I keep getting stuck on this problem, so if someone could point out where my method is flawed and how I should approach this problem, that would be extremely useful.
We're considering the square region $0\leq x \leq \pi, 0\leq y \leq \pi$ with the boundary conditions $u(\pi,y)=u(0,0)=0, u(x,\pi)=f(x)=\cos(\dfrac{3}{2}x)$, and the left border ($u(0,y$) is "insulated", which I interpret to mean $\partial_xu=0$.

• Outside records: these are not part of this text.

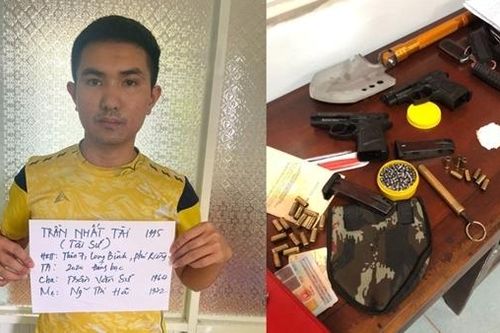 Ngăn chặn nhóm thanh niên ôm súng, côn ba khúc đi giải quyết mâu thuẫn trong đêm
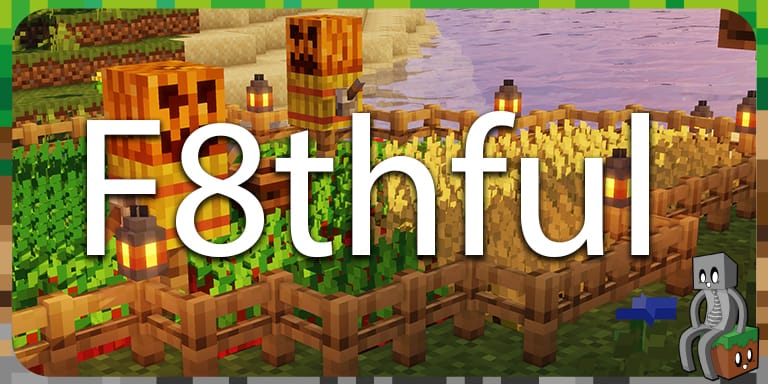 Pack de texture : F8thful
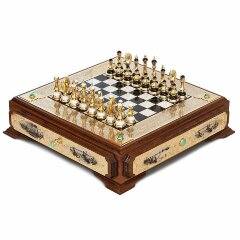 Сувенирные шахматы «Баталия»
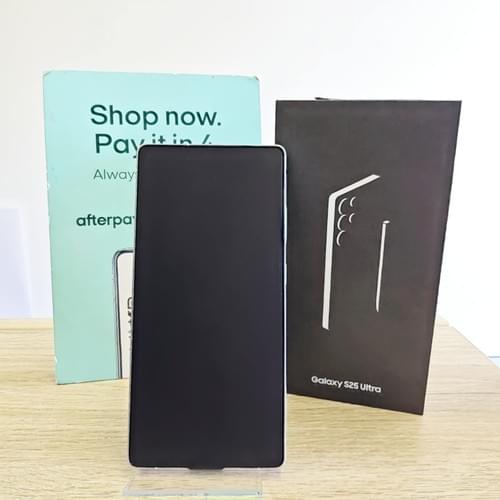 NEW SAMSUNG S25 ULTRA 5G 256GB SILVERBLUE PERFECT CONDITION RECEIPT&WARRANTY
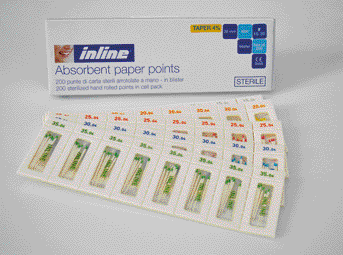 PUNTE CARTA INLINE.04 N.15/35 X 200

I start off with the condition $u(x,y)=X(x)Y(y)\rightarrow\dfrac{X''}{X}+\dfrac{Y''}{Y}=0$ and I equate the X fraction with $+\lambda$ and the Y fraction with $-\lambda$. The error I run into is when I solve for X: I get $X''-\lambda X=0$ and $\lambda=n^2\rightarrow X(x)=c_1e^{nx}+c_2e^{-nx}, X(\pi)=0\rightarrow c_2=-c_1e^{2\pi n}$. $X(x)=c_1(e^{nx}-e^{n(2\pi-x)}\rightarrow X'(x)=c_1(ne^{xn}+ne^{n(2\pi-x)})=0\rightarrow c_1=0$.
So now I get the trivial solution... my professor mentioned that we get the trivial solution because the assumption $u(x,y)=X(x)Y(y)$, but he never told us what to do instead and he doesn't give any details in the lecture notes, so I'm pretty lost. Any help would be greatly appreciated.
From $$ \frac{X''}{X}+\frac{Y''}{Y}=\lambda $$ and the boundary conditions we get for $X$ $$ X''-\lambda\,X=0,\quad X'(0)=0,\quad X(\pi)=0. $$ This has the nontrivial solution $$ X(x)=\cos\Bigl(\frac{2\,k+1}{2}\,x\Bigr),\quad k=0,1,2,\dots $$ corresponding to $$ \lambda=-\Bigl(\frac{2\,k+1}{2}\Bigr)^2. $$ Can you go on from here?